Friday, December 7

What Wants to be Written:
The End of the Semester Part II

Of course, I’m not technically finished with the class because I have yet to turn in my portfolio. On Tuesday, before we began our final workshop, Dr. Bailey gave us some instructions on how to put together our portfolios, which we have to hand in by next Thursday. The portfolio should contain one or two short-shorts we wrote at the start of the year and both short stories we’ve worked on all semester, and we need to get at least two copies bound at the Print Shop on campus. One copy Dr. Bailey will mark up and comment on. The other will end up in the library.

I’m a little nervous about the portfolio, partly because I volunteered to have my “Earthly Tents” story workshopped one last time. I felt like “Earthly Tents” was getting pretty strong and I wanted to know how I could make it a little bit better before I turned in my portfolio. Or I thought I wanted to know how I could make it better.

Extend. That’s not a word you want to hear with barely a week and a half left before the semester ends ands your portfolio’s due.

Every time you get workshopped it peels back another set of eyelids you didn’t realize you had shut and you see your story more clearly.
Each workshop shows you how clear of a window into the world you’ve imagined that your words create. Sometimes it’s just your words that need to be fixed, and other times you have to go back and fix the world itself, make it bigger, deeper, more real. You find that you have to extend.

That’s what I found out at my last workshop. As close to done as I thought I was, as fully imagined as I imagined Alan’s life to be, I still need to extend. To really show how meaningful Alan’s change of heart is at the end of the story, to really let my reader feel that change, I have to extend.

In workshop Dr. Bailey and my classmates pointed out they still don’t truly know why Alan got divorced. The answer in the story is that he got divorced because he and his wife couldn’t see eye to eye about money. But that’s not a detailed, fully imagined answer (probably because I have had very little experience with divorce).

The newly deepened answer currently incubating in my brain right now is that Alan and Jodi did not divorce merely because they disagreed about money. They disagreed about time and money. Alan spent lots of time working to earn money to provide for his family. He loves his family. But Jodi didn’t see it like that. She felt like Alan was a workaholic, and she wanted him to take a higher-paying, less time-consuming desk job. She doesn’t understand that Alan loves being a carpenter.

But extending means more than just offering up this explanation. There’s a lot of emotion that goes with it. I may actually have to create a scene that shows some of this, a scene with Jodi physically present in it. I may actually have to imagine (one thing I’ve learned this semester is that imagining takes a lot more effort than you’d think) what Jodi looks like and how she talks.

Other areas in which I need to extend: Alan’s financial status, Alan’s relationship with his kids (I may actually have to imagine them too) and Alan’s relationship with God before and after his divorce.

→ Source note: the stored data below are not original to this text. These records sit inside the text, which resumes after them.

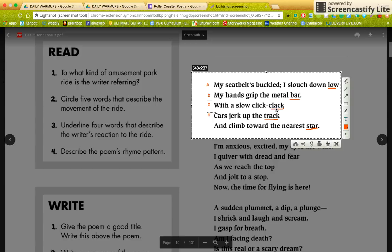So so far we've got A, B, C, C. Now look at this line — the last word is "star." Does "low" rhyme with "star"? No, so this isn't an A. Does "bar" rhyme with "star"? Yes, it does. Therefore, the last line is B. So the rhyme pattern is A, B, C, C, B.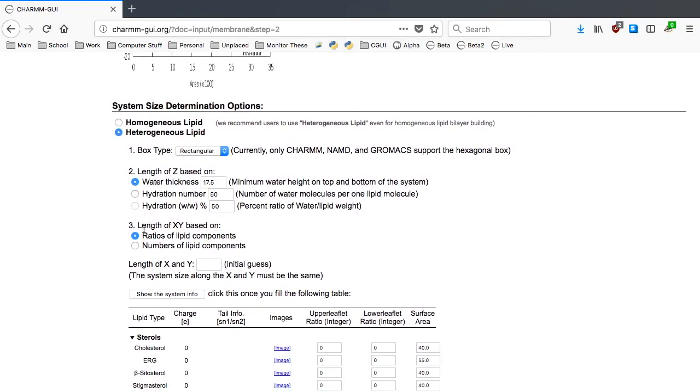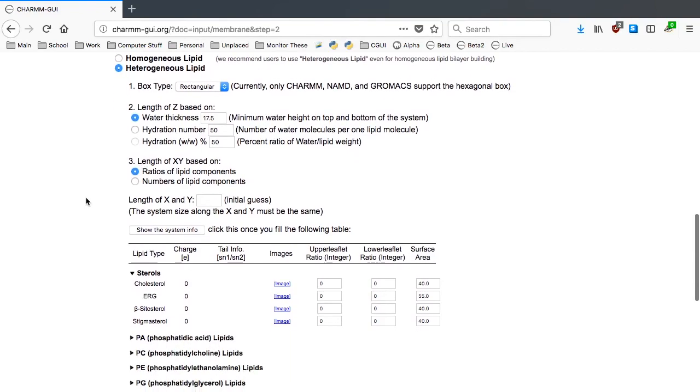The third is the most important option to determine the membrane dimension along the XY plane. The basic idea is to use the lipid area of each lipid to determine the XY dimension, so we need to know an approximate X and Y length to use a lipid component ratio.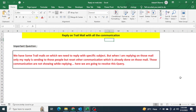Hello everyone, welcome to my YouTube channel Excel VB Expert. In today's video we will be learning a very unique question of VBA. I have already written here what topic we are going to talk about.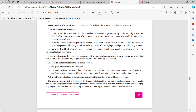Gross investment in the lease is the aggregate of minimum lease payments under a finance lease from the standpoint of the lessor, and any unguaranteed residual value accruing to the lessor. So you sum up all the minimum lease payments and add the unguaranteed residual value to get the gross investment in the lease.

It’s not that I don’t want “Earthly Tents” to get better. On the contrary, I want “Earthly Tents” to be as good as I can possibly make it, as close to perfect as it can be. I’d ask God to proofread it if I could. I’m just a little stressed because making “Earthly Tents” as good as it can be is going to take lots more time and effort, more time and effort than I’ll be able to fit in between now and next Thursday, which is my portfolio deadline and the end of the semester.

Sometime between now and then I not only have to extend “Earthly Tents,” I have to revise “All of Me” as well. “All of Me” is in even more desperate need of extension. Dr. Bailey gave me some great suggestions on how to cure the story’s ailing ending, but it’s going to take time to get the story as good as I can possibly make it, time I won’t have before the portfolio is due.

Of course, I’m not too worried about my grade in the class. I’ve put in a lot of hard work on these stories. They’ve improved immensely this semester, and I feel like I’ve really begun to grow as a writer. We’re required to write a self-critique letter to preface our portfolios, and in mine I’ll be able to note all the ways my stories could still be further expanded and lifted up a little closer to the ungraspable heights of perfection.

The last bit of advice Dr. Bailey gave us after our final workshop gives me some comfort. As he was explaining to us the importance of extending, he said one of the most valuable lessons we could learn this semester was that “it’s not what you wrote, it’s what wants to be written.Those are exciting words for me to reflect on as I look forward to continuing to learn here at Susquehanna and continuing to grow as a writer.